Campos de concentração da Seca de 1932 no Ceará

Senador Pompeu, Fortaleza, Crato, Cariús, Ipu e Quixeramobim. Nesses seis municípios, há noventa anos, foram instalados sete campos de concentração para conter os retirantes da Seca de 1932.

O campo de concentração de Senador Pompeu, ao utilizar as instalações abandonadas da companhia inglesa Norton Griffiths & Company — responsável pela construção do açude Patu, é o único registro de memória edificada do gênero no Ceará. Em março deste ano, O POVO revisitou o local e esse momento da história cearense em uma série de reportagens especiais disponíveis neste link.

O Sítio Histórico do campo de concentração da Barragem do Patu, destino da Caminhada da Seca, teve seu tombamento estadual aprovado em agosto deste ano. Já tombado pelo município de Senador Pompeu, o local pode ser tombado também em nível federal. “É pensar um plano de salvaguarda desse patrimônio, desde o restauro até o uso dos espaços. Isso demanda recurso do poder público, que agora está obrigado a manter esses bens”, afirma Martins. “Aliando políticas culturais, de turismo e de educação, as coisas funcionam bem a partir daqui."

Performance leva arte e questionamentos à Caminhada

Uma cigana rezadeira, uma mulher grávida, um homem que desenvolveu transtornos mentais, outra mulher levando um prato e uma xícara nas mãos e mais uma, desta vez perambulando e rezando. Personagens incomuns e desconhecidos despertaram olhares de admiração, indagação e até susto entre os participantes da Caminhada da Seca.

Era a estreia do Coletivo Patu, com a performance artística Flagelados. “Nossa estratégia era ter um novo olhar sobre a seca. A gente tem o sítio histórico, as narrativas do povo, a narrativa da religiosidade. Fomos criando nossas narrativas a partir daí”, conta Renato Almeida.

“É fazer um resgate, mas, ao mesmo tempo, reconhecer que essas figuras, como a rezadeira, ainda perseveram na nossa realidade.

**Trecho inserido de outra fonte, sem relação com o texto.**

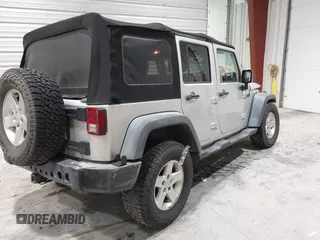 2008 Jeep Wrangler Unlimited X with VIN 1J4GA391X8L647311, listed as a IAAI auction lot 41499620 with 140,601 mi miles and . Bid and sale history available at carsss.com. Image 4.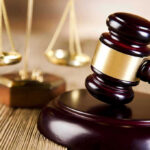 Wooden gavel and scales of justice on table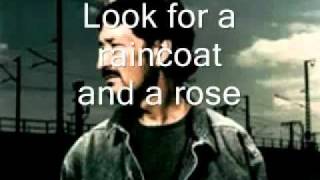 Chris Rea Raincoat and a Rose Lyrics.wmv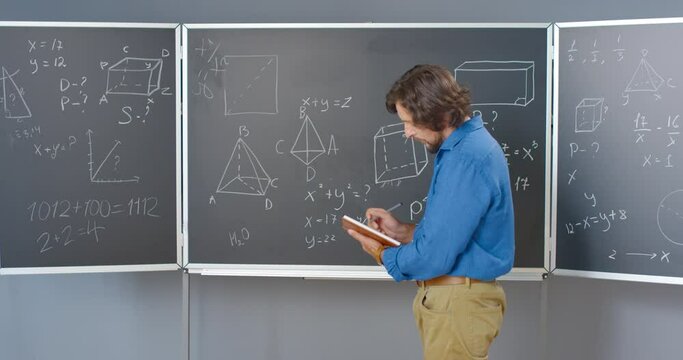 Caucasian male mathematician in glasses at backboard with math or physic formulas and laws writing notes in notebook. Man teacher in school checking equations of algebra or geometry with handbook.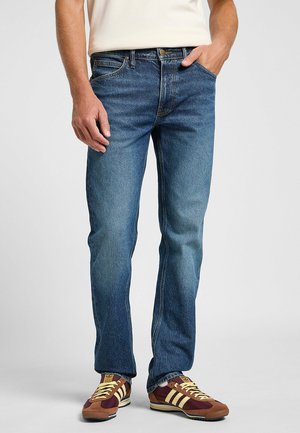 Jeans in denim blu scuro con taglio dritto, cuciture a contrasto, cinque tasche e chiusura con bottone, abbinati a sneakers marroni e gialle.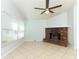 Bright living room featuring a brick fireplace, neutral walls, and tile flooring at 2828 Whispering Way, Winter Park, FL 32792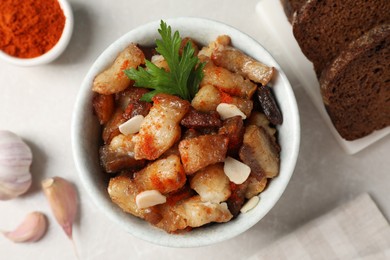 Photo of Tasty fried cracklings on light table, flat lay. Cooked pork lard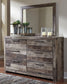 Derekson Queen Panel Bed with 4 Storage Drawers with Mirrored Dresser and Chest at Lee Furniture, NC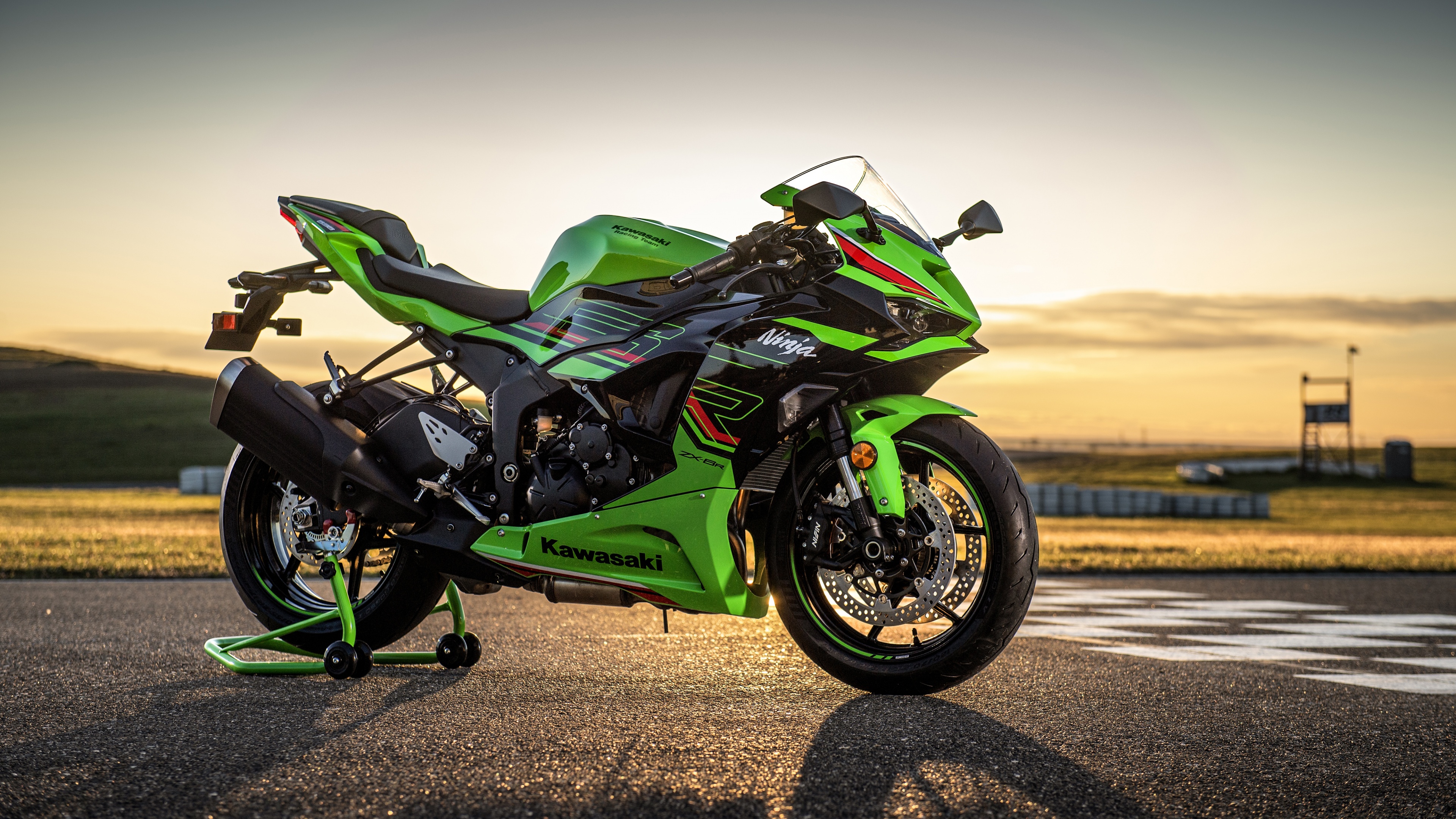 A detailed, high-resolution 5K shot of the 2024 Kawasaki Ninja ZX-6R sports motorcycle in its signature lime green and black livery.
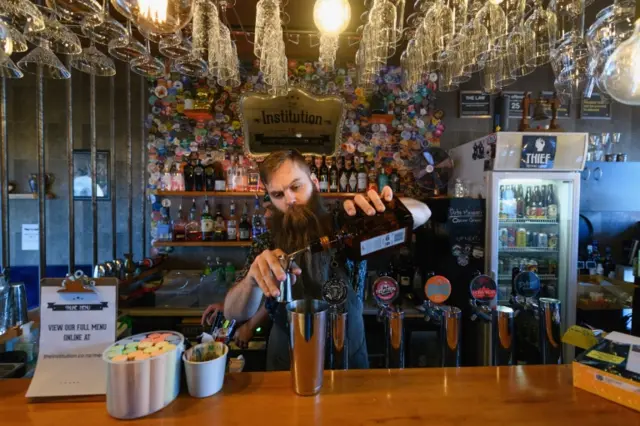 A barman mixes a cocktail in Christchurch, New Zealand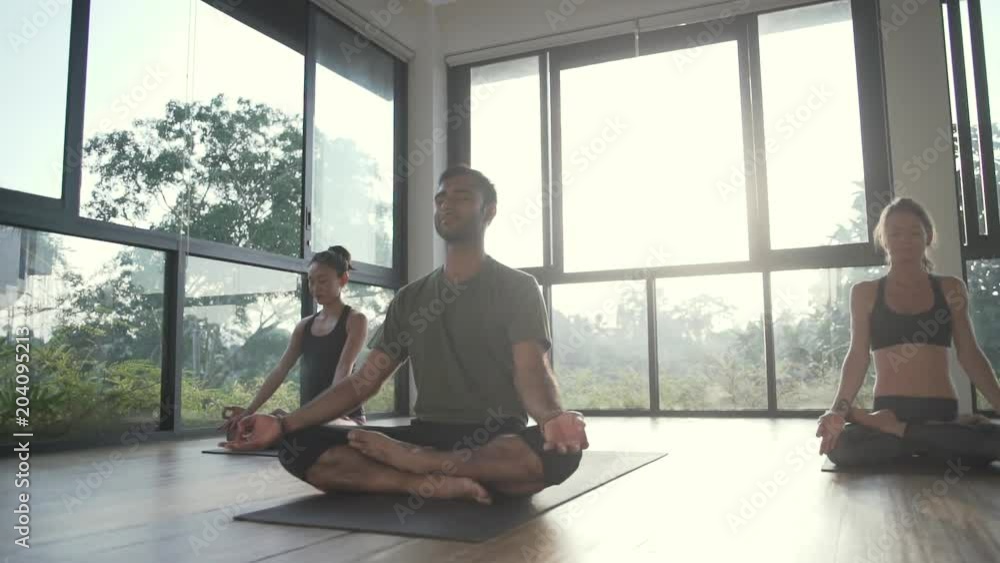 International group people meditate yoga class high key shot rapid slow motion International group people meditate yoga class high key shot rapid slow motion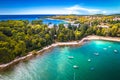 Turquoise stone beach in Rovinj aerial view, pine trees archipelago Royalty Free Stock Photo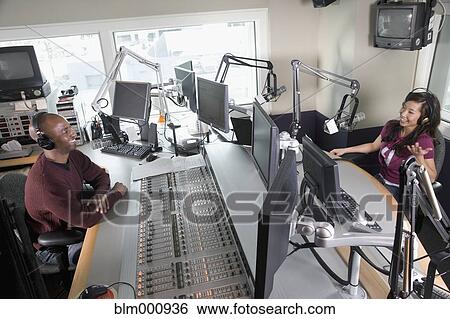 Stock Photograph - Asian dj working at radio station with co-worker. Fotosearch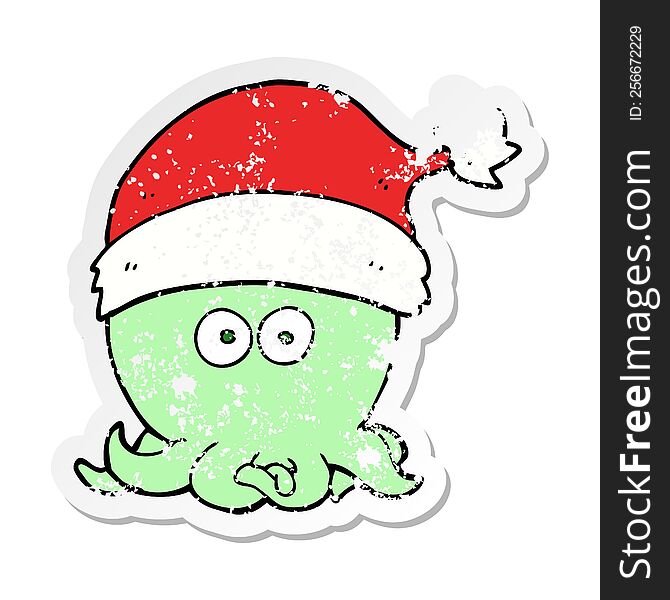 Distressed Sticker Of A Cartoon Octopus Wearing Christmas Hat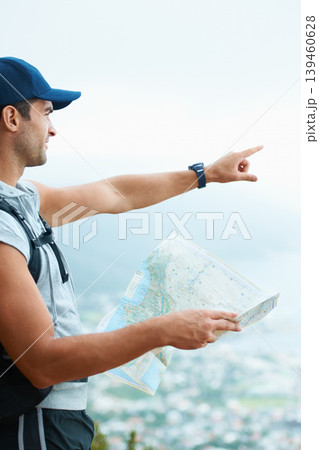 Map, hiking and man with nature, pointing and adventure with direction, journey and fitness. Person, hiker and guy with wellness, outdoor ot document for location, fresh air and landscape with forest 139460628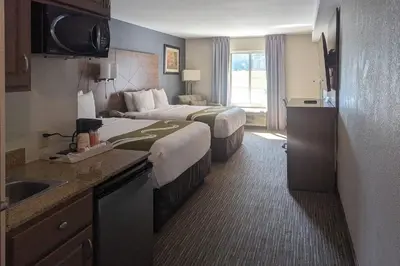 a hotel room with two beds and a sink at Quality Inn & Suites Northampton - Amherst in Northampton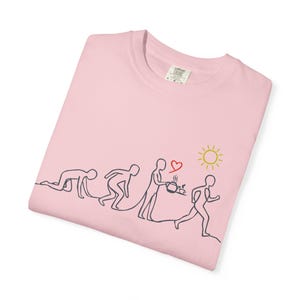 Puede incluir: Camiseta rosa claro con un dibujo lineal negro que representa la evolución de una persona, desde gatear hasta correr. También hay un corazón y un sol dibujados. La camiseta tiene una etiqueta en la esquina superior derecha.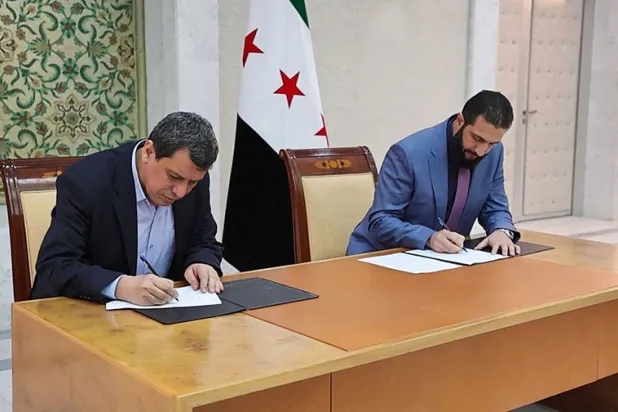 Suriye Cumhurbaşkanı Ahmed el-Şeraa (sağda) ve SDG Başkomutanı Mazlum Abdi, Şam’da SDG'yi devlet kurumlarına entegre etmeyi öngören bir anlaşma imzalarken, 10 Mart 2025 (AFP)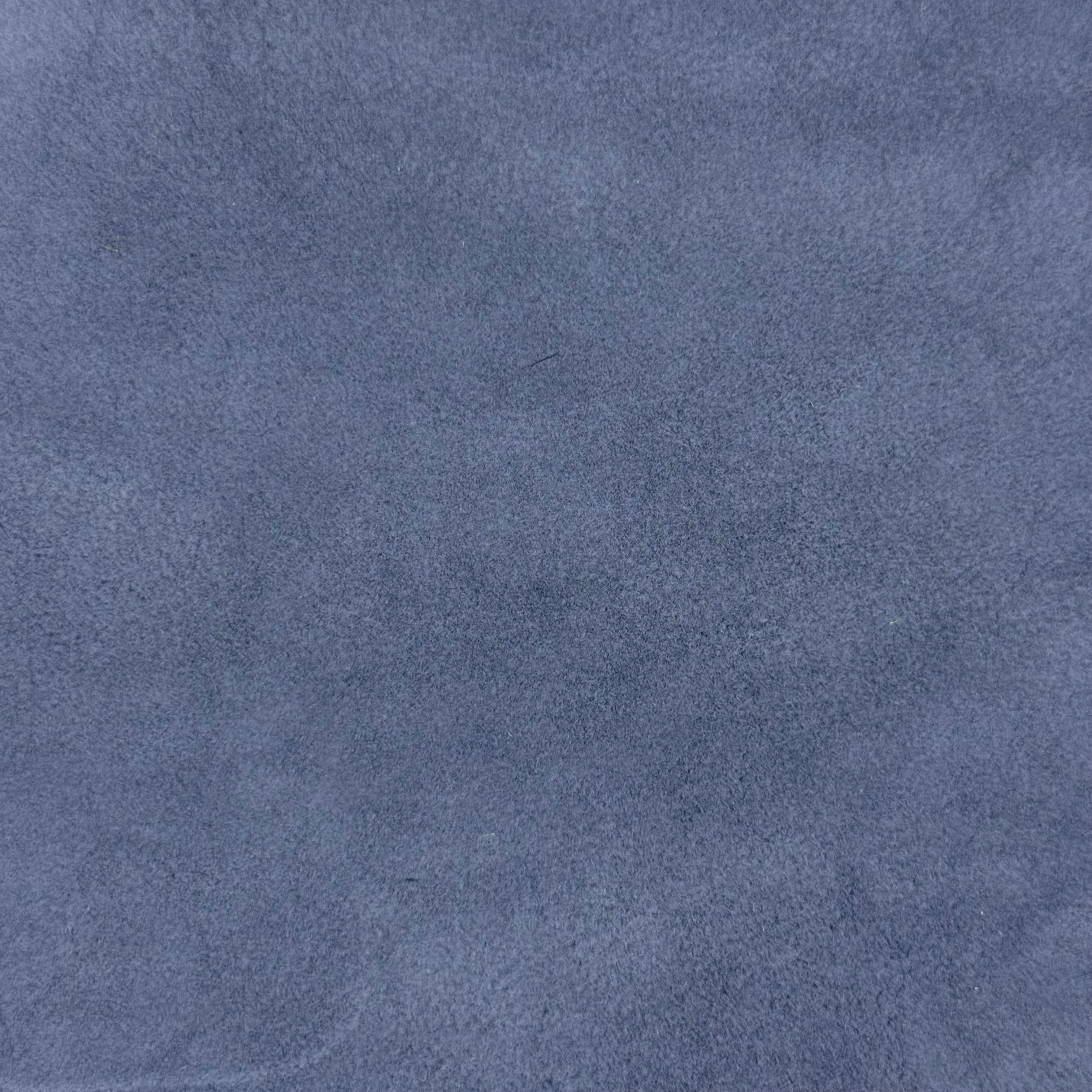 Close-up of soft, suede-like Conceria Incas Italian Water Calf leather in a muted blue-gray color.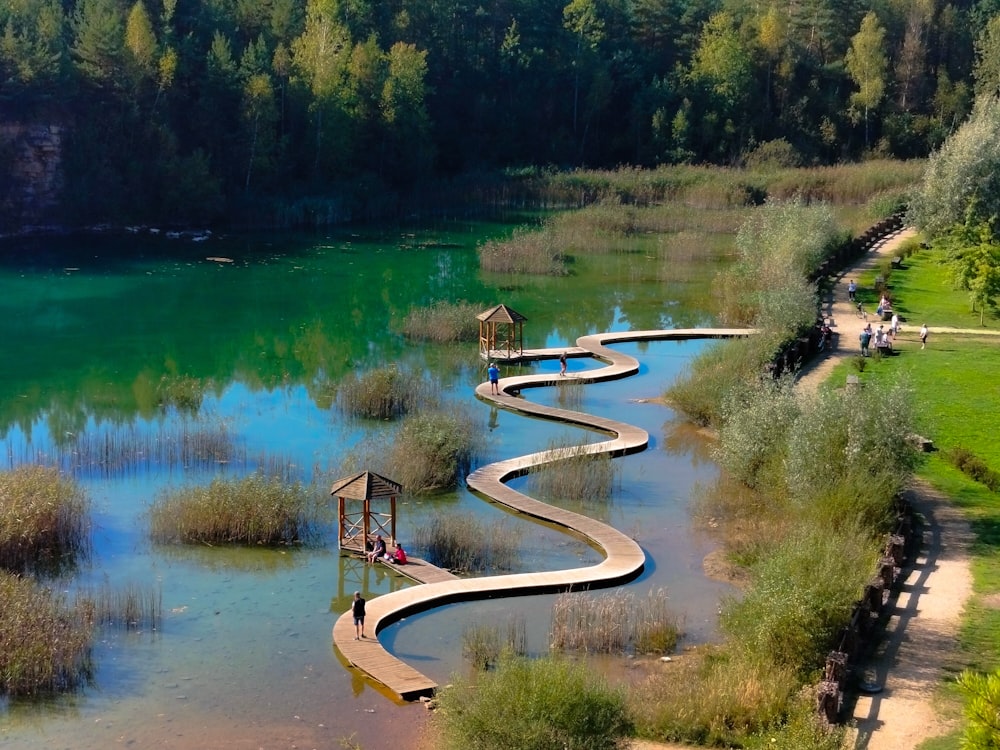 a lake with a wooden walkway going through it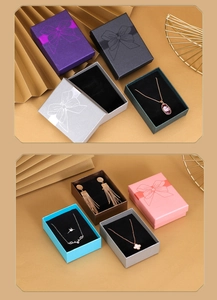 Detail of colorful jewelry gift boxes with bow prints and sponge padding for necklaces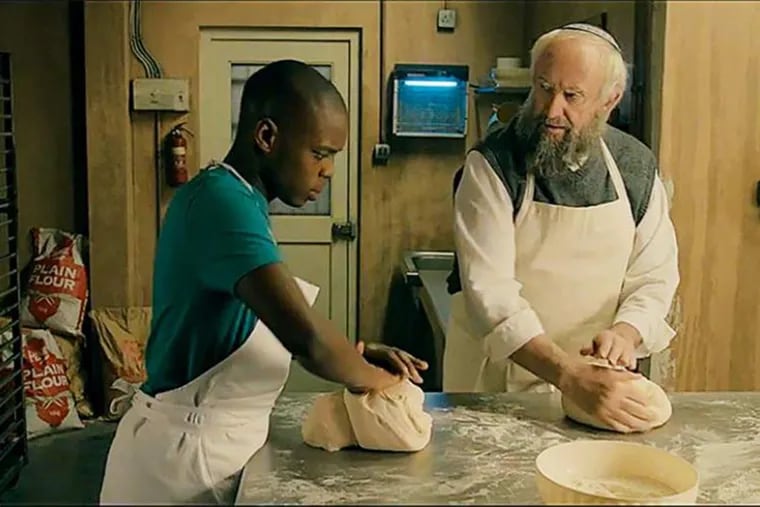 In "Dough," Jerome Holder is an immigrant pot seller apprenticing with Jonathan Pryce, a Jewish baker in London.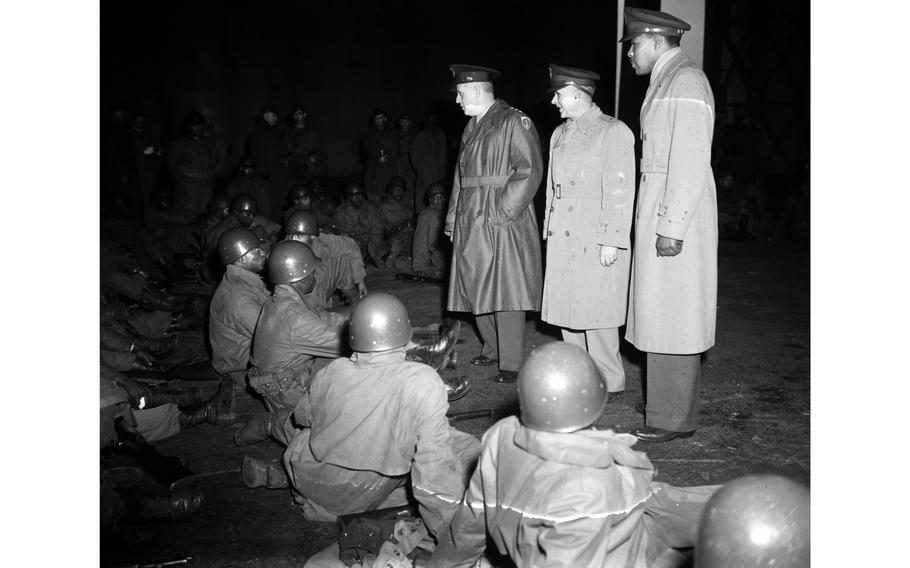 Lt. Gen. Clarence R. Huebner (left) talks to some of the soldier-students at the Kitzingen Basic Training Center for Negro troops, accompanied by Brig. Gen. Lewis C. Beebe, commandant of the center (center) and Lt. Col. Marcus Ray, EUCOM adviser on Negro affairs (right). 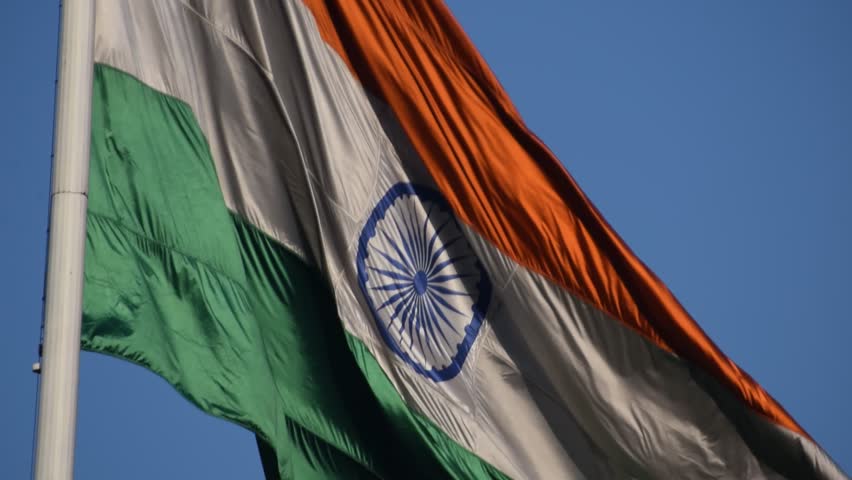India flag flying high at Connaught Place with pride with plain white background, India flag fluttering, Indian Flag on Independence Day and Republic Day of India, tilt up shot, Har Ghar Tiranga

Os sofrimentos, ainda que de maneiras diferentes, também persistem”, acrescenta Maríllia Holanda.

Também fizeram parte da intervenção Lígia Gardênia, Rayná Rodrigues e Luana Ávila. “A gente sabe que a pedagogia de público na nossa cidade ainda é muito escassa e estamos tentando revitalizar essa percepção artísticas nos nossos conterrâneos”, afirma o coletivo.